13. CONTROL OF GROUP The main difficulties were likely to arise from the dispersal of the group into small craft loads, necessitated by the danger of loading any considerable portion of one unit in a craft liable to be sunk, with the consequent loss of control through the disruption of the normal chain of command; from the fact that parties, once so dispersed, were unable to feed themselves except from rations carried on the man; from the dependence of the group for its successful deployment on the assaulting troops carrying their first objectives; from the difficulty in allotting slender labour resources economically when the arrival of stores was interrupted by uncertain arrival of ships and unpredictable demands by forward troops; from the dependence of the whole organisation on fine weather (loading from ship to dukw became dangerous and often impossible in any seaway); from the probability of the beaches being shelled and bombarded from the air; and from the necessity for unloading by night as well as by day.
14. AMMUNITION As a result of experience gained in exercises it became apparent that forward troops might run short of ammunition before the ammunition dump was established and stocked.
To meet this danger it was decided, in 1944, to land 800 tons of ammunition early and to stack it in a number of small dumps at the rear of the beaches. These dumps were known as sector stores dumps and were to be consumed before drawing began on the main ammunition dump.
15.DEFENCE The immediate area of the beaches, and all dumps and installations were organised as defended localities. Anti-tank defence was provided by the 6-pounder guns of the infantry battalion, anti-aircraft guns in alternative role and Piat mortars. Air defence was provided by a specially constituted anti-aircraft regiment landed with assault and supporting troops. This composite regiment was equipped with 3.7-inch Bofors and triple Oerilkon guns, and was in support but not under command of the group.
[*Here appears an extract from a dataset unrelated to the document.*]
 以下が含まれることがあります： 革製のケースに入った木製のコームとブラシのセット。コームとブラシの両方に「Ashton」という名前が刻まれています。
All Brens of the infantry battalion were also to be available for anti-aircraft defence.
16. MILITARY LANDING OFFICER The duties of the military landing officer and staff were to advise the group commander on all questions of movement of men, vehicles and stores; to prepare staff tables for embarkation of the group; and to maintain statistics of all quantities of stores landed.
The duties of the Royal Navy commando were to mark and erect beach limit signs, to signal suitable landing places to incoming craft, and to mark wrecked craft; the Royal Navy signals were to provide communication from shore to ship;
The field company, R.E., were to construct beach exits and entrances, to improve roads, to provide all engineering work required in the Beach Maintenance Area, to dispose of bombs, and to provide water-supply points;
The mechanical equipment section, R.E., were to bulldoze entrances and exits from the beach, and provide and operate cranes;
The stores section, R.E., were to control R.E. stores dump;
The docks operating company, R.E., were to unload ships;
The R.A.M.C. were to establish two beach dressing stations, two field dressing stations with surgical facilities and blood transfusion, to collect wounded, and to supervise hygiene in the group area.
Within the infantry battalion, duties were: H.Q. Company, signal platoon to provide land signals by wireless and line, and pioneer platoon to clear mines from group headquarters area and to construct office pits.
S Company: anti-tank platoon to defend group area; mortar platoon to establish and work in unaccompanied G1098 dump, and carrier platoons to provide labour in supplies camp.
Rifle companies: to organise beaches, provide labour to unload craft and working parties in ammunition and Ordnance dump, and to help in handling transport, to be prepared to mop up enemy pockets of resistance, and to defend beachhead if required.
Ordnance beach detachment, R.A.O.C.: to establish ammunition and Ordnance dumps and operate them.
General transport company, R.A.S.C.: to provide, operate and maintain dukws.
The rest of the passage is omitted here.